[DIRECTIONS]:
Each line below from the line with "(UNSLEEP) MẤT NGỦ Chapter 31 Trang 30" to the line with "Ford Ka photo 22" must be copied exactly, including those two, and no picture may appear in the copy.

[SUPPLIED RECORDS]:
:::
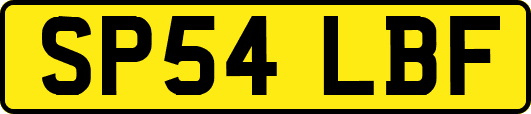 SP54LBF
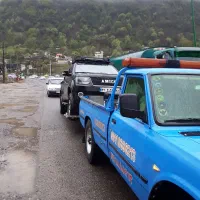 نیسان جرثقیل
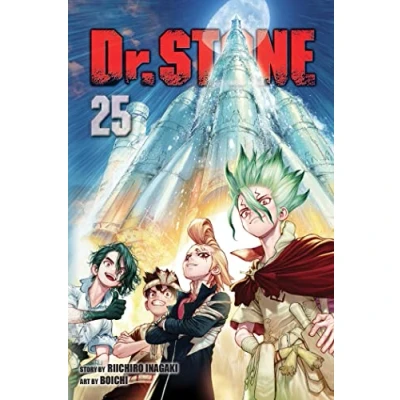 Abbildung von Dr. STONE, Vol. 25: Volume 25 (DR STONE GN, Band 25)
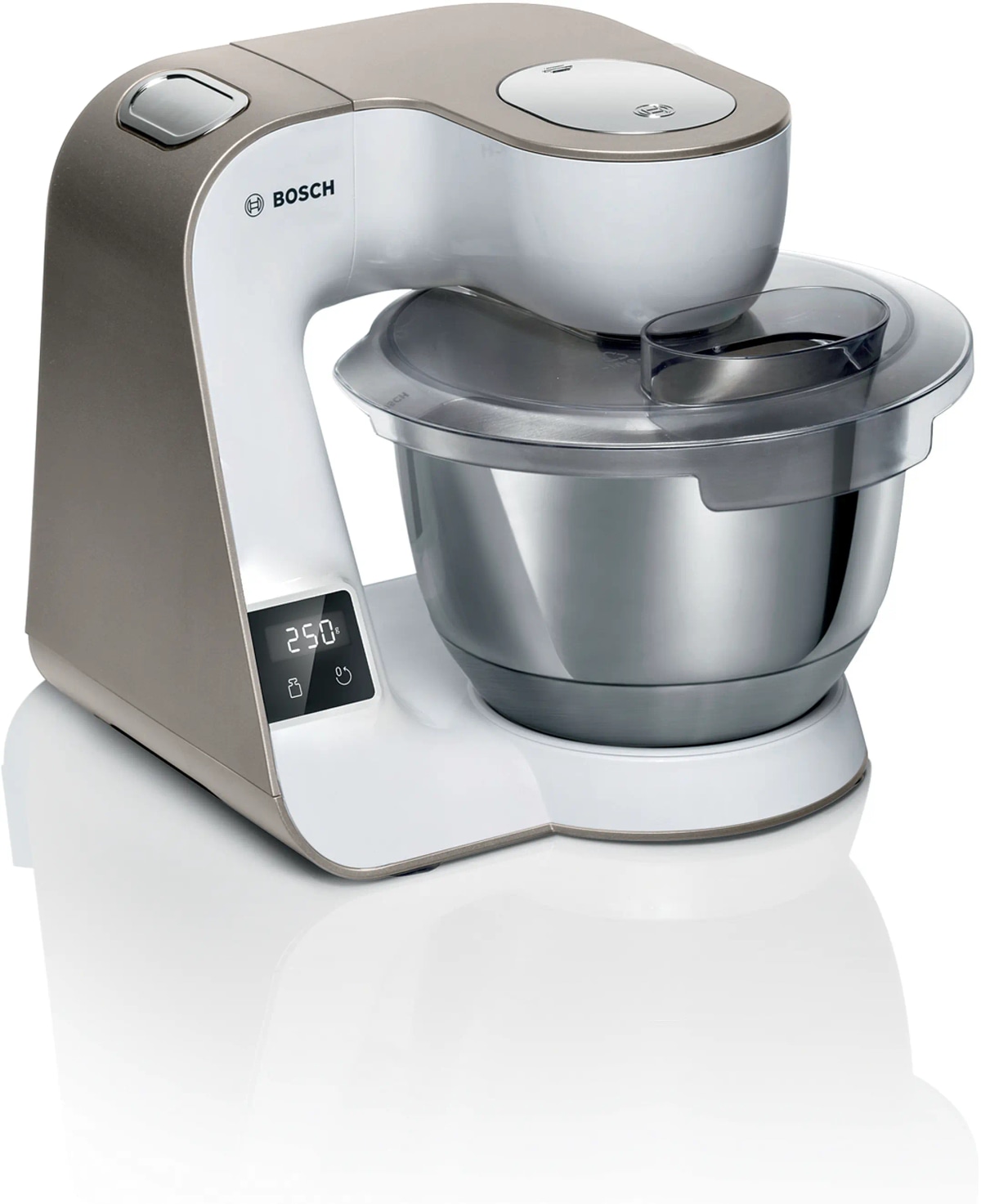 Kuhinjski robot Bosch MUM5XW40 Akcija v trgovini Harvey Norman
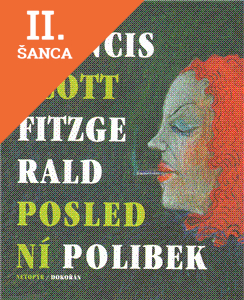 Lacná kniha Poslední polibek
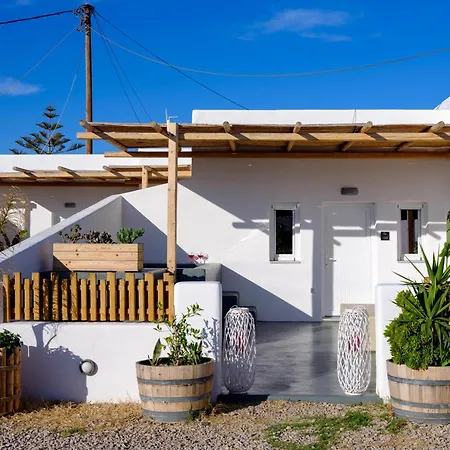 Bed and breakfast Athiri Luxury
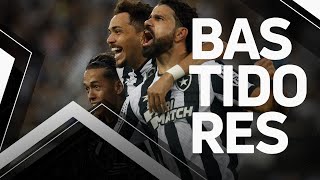 Bastidores  Botafogo 3x0 Bahia  Brasileirão [upl. by Ennoryt]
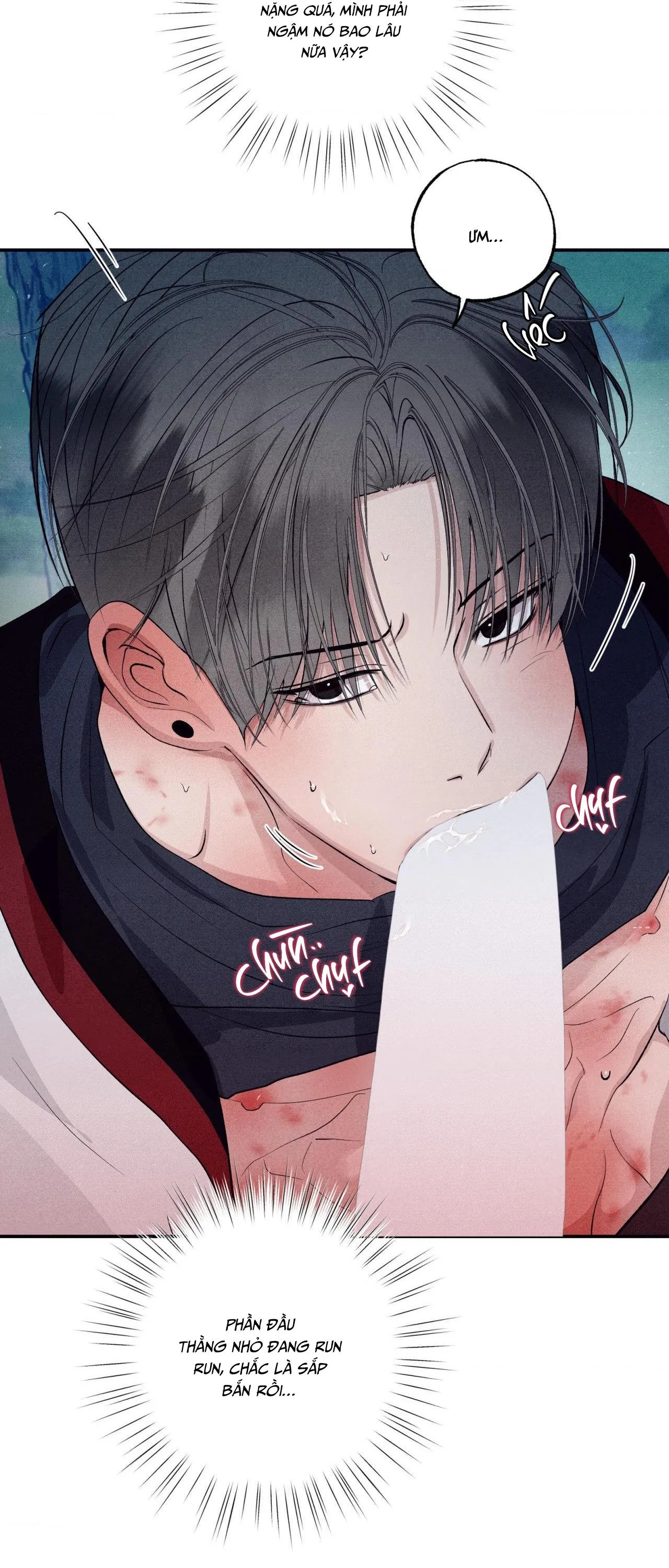 (UNSLEEP) MẤT NGỦ Chapter 31 Trang 30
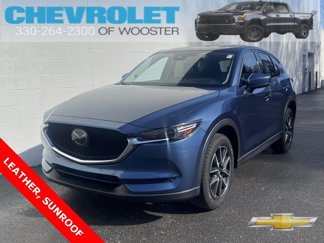 Used 2018 MAZDA CX-5 Grand Touring image 1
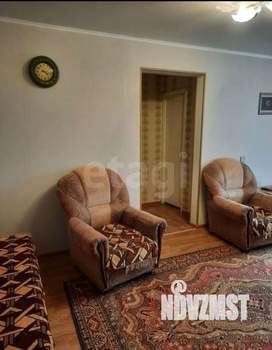 3-к квартира, вторичка, 63м2, 5/5 этаж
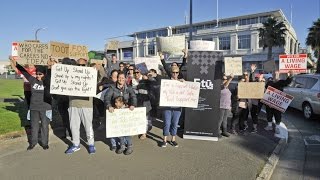 IDEA Services Workers Strike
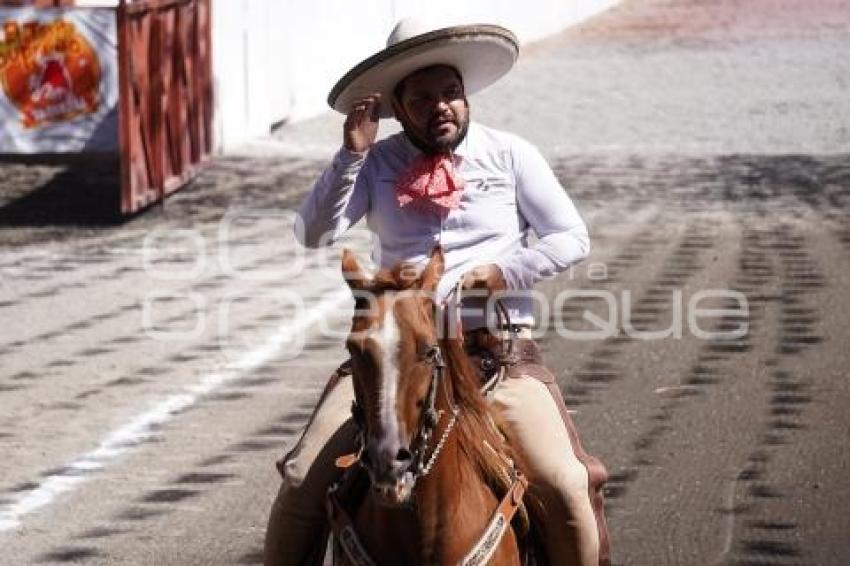 TLAXCALA . CHARRERIA FERIA 2025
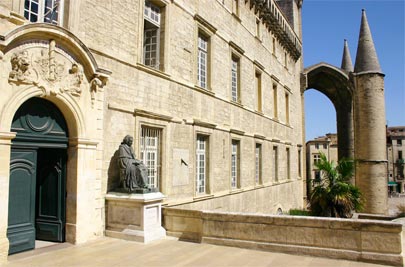 Logement étudiant faculté de médecine Montpellier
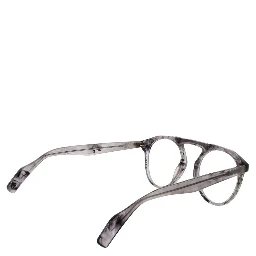 Gray Plastic Glasses (Frames)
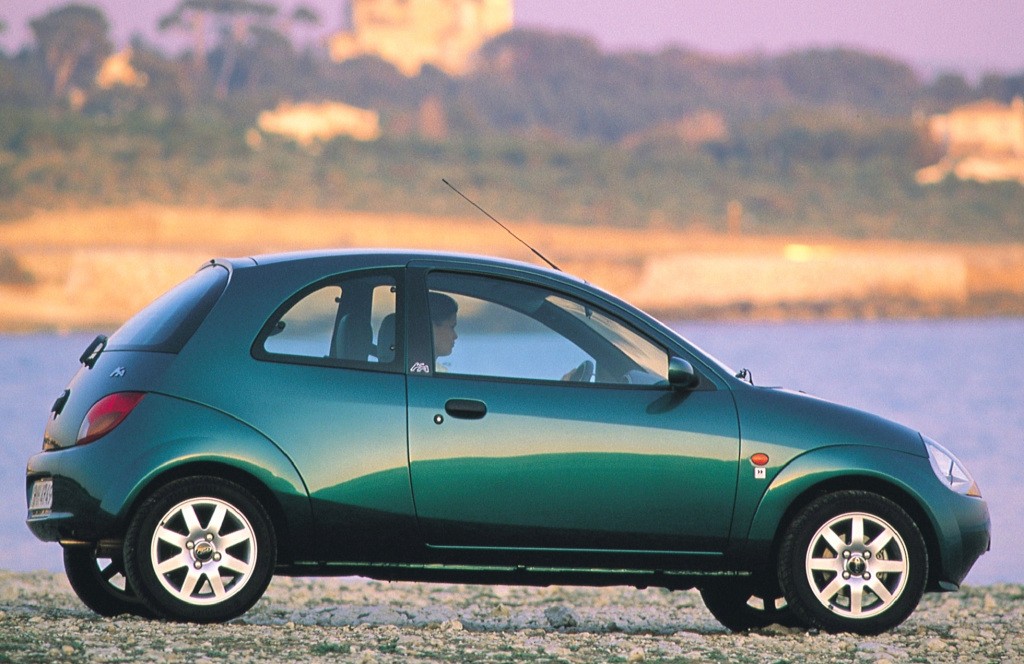 Ford Ka photo 22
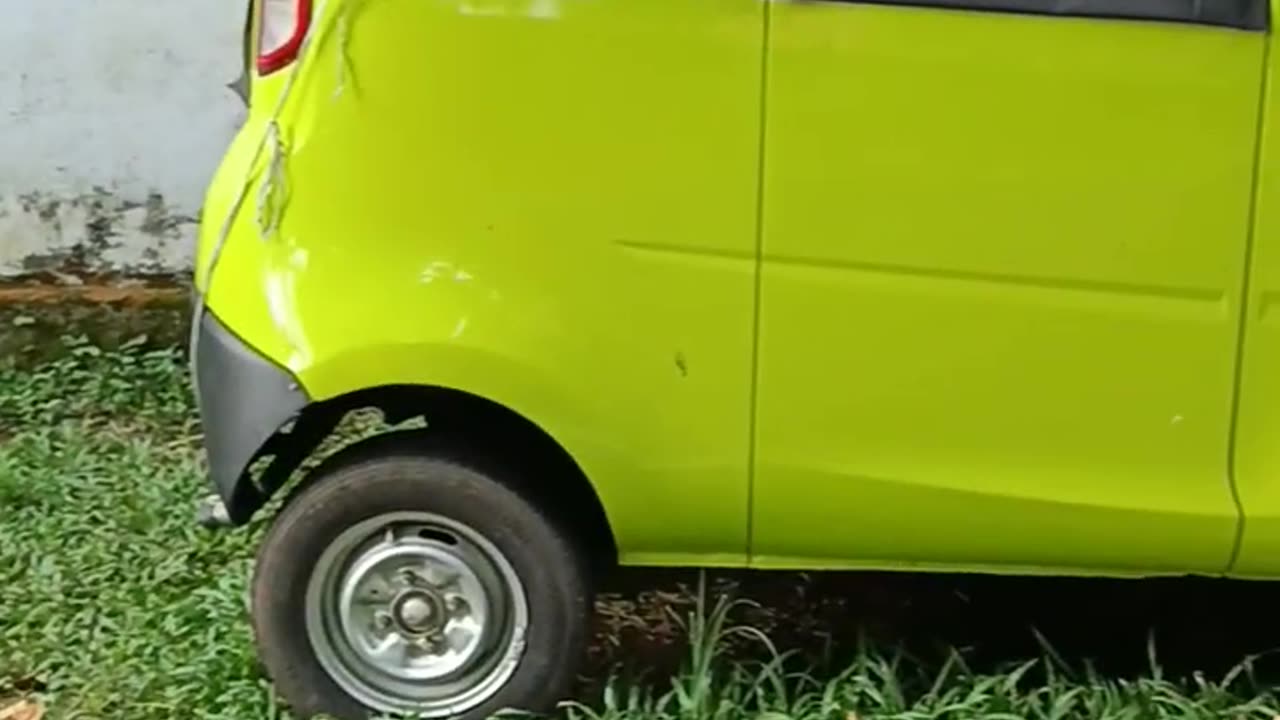 One Day He Will Definitely Come Back❤️ #shorts #shortfeed #magiciris #automobile #tata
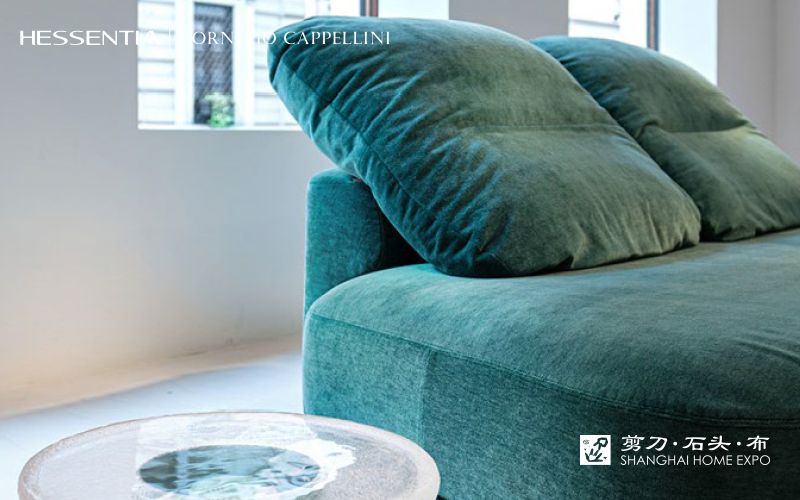 HESSENTIA|CORNELIO CAPPELLINI沙发/圆几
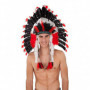 Chapeau My Other Me Great Boss Plumes Amérindien 80 x 60 cm 52,99 €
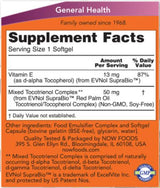 Palme rouge tocotrienols 50 mg - 60 softgels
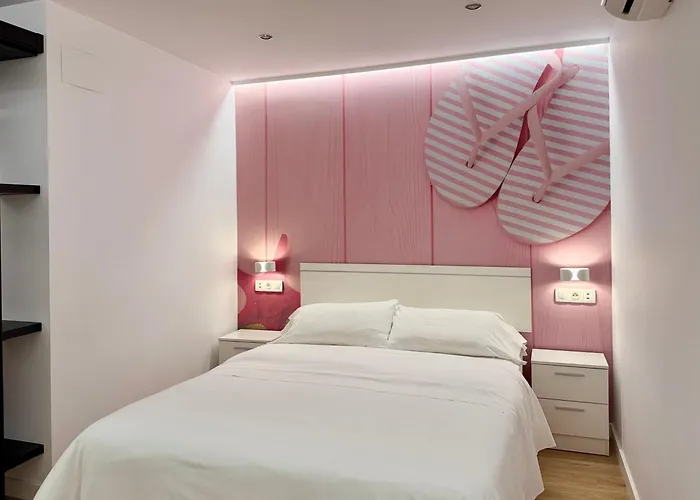 Boutique Color Suites Alicante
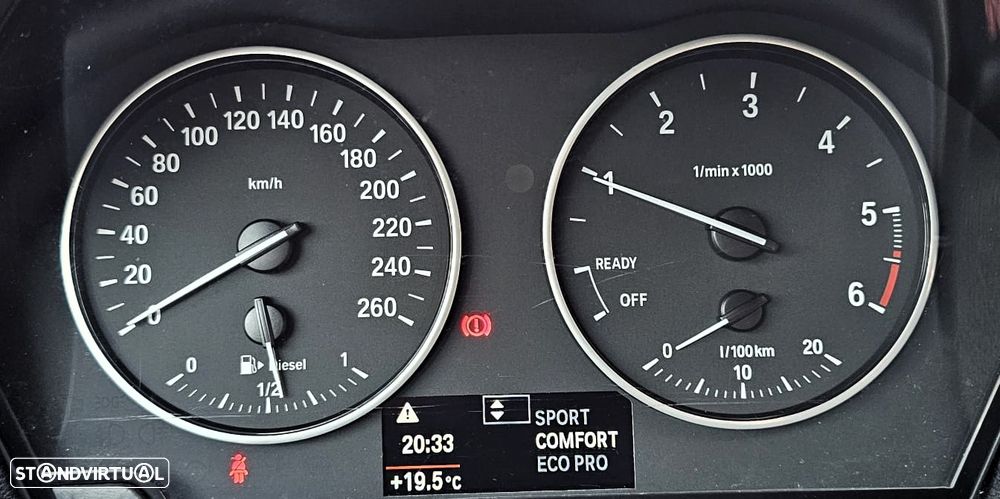 BMW 116 d Advantage - 24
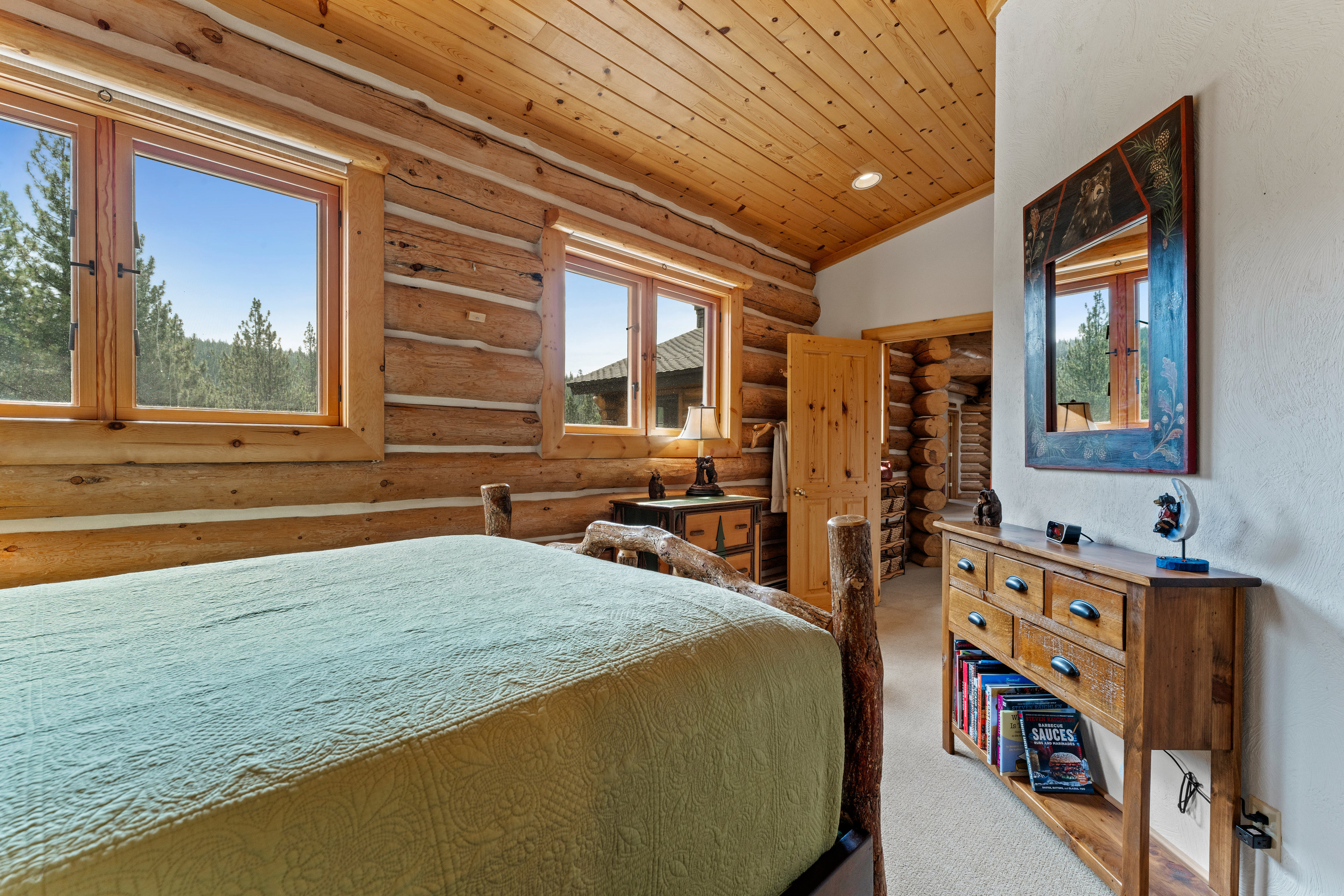  High Meadow Ranch Lodge - 物件實景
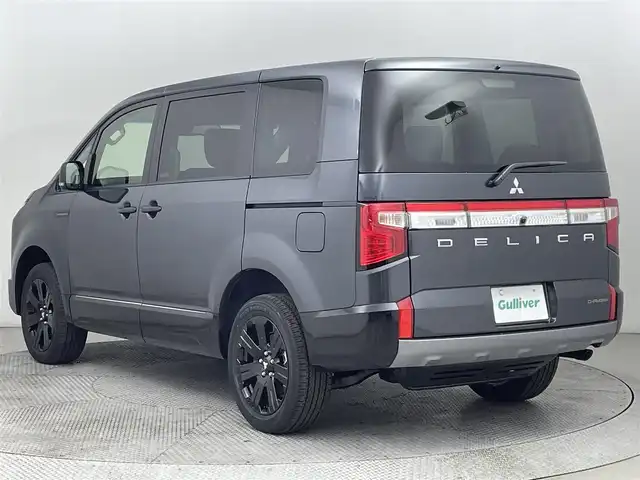 三菱 デリカＤ：５ シャモニー 道央・札幌 2025(令7)年 0.1千km グレーⅡ ・４WD/・アルパインBIGX11インチナビ/・フルセグ/BT/CD/DVD/HDMI/・アラウンドビューモニター/・アルパイン12.8型後席用モニター/・衝突被害軽減ブレーキ/・レーンキープアシスト/・レーダークルーズコントロール/・両側パワースライドドア/・パワーバックドア/・パワーシート/・シートヒーター/・ステアリングヒーター/・アイドリングストップ/・パドルシフト/・オートブレーキホールド/・ステアリングスイッチ/・スマートキー/・プッシュスタート/LEDヘッドライト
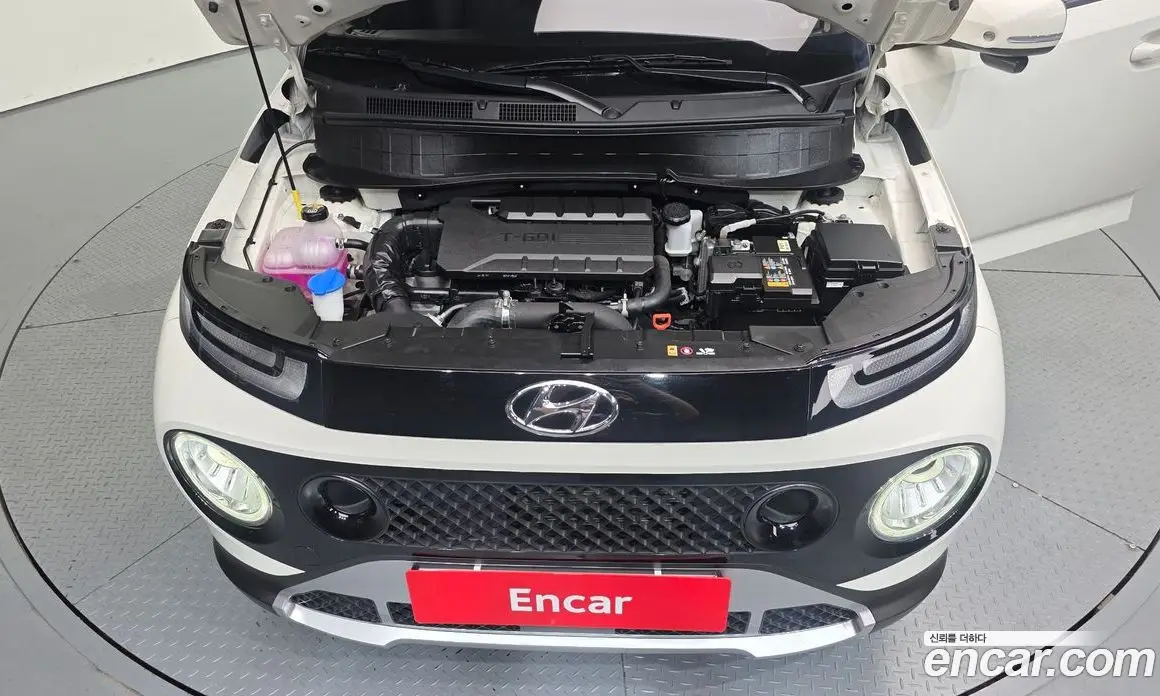 Hyundai Casper 2024 1.0 автомат (гидро), фото 6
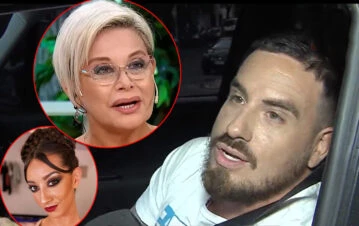 Fede Bal reveló la extraña manera en que le presentó su nueva novia a su mamá: “Hicimos una…”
:::
[SOLUTION BELOW]:
 (UNSLEEP) MẤT NGỦ Chapter 31 Trang 30
 Used 2018 MAZDA CX-5 Grand Touring image 1
 3-к квартира, вторичка, 63м2, 5/5 этаж
 IDEA Services Workers Strike
 TLAXCALA . CHARRERIA FERIA 2025
 Logement étudiant faculté de médecine Montpellier
 Gray Plastic Glasses (Frames)
 Ford Ka photo 22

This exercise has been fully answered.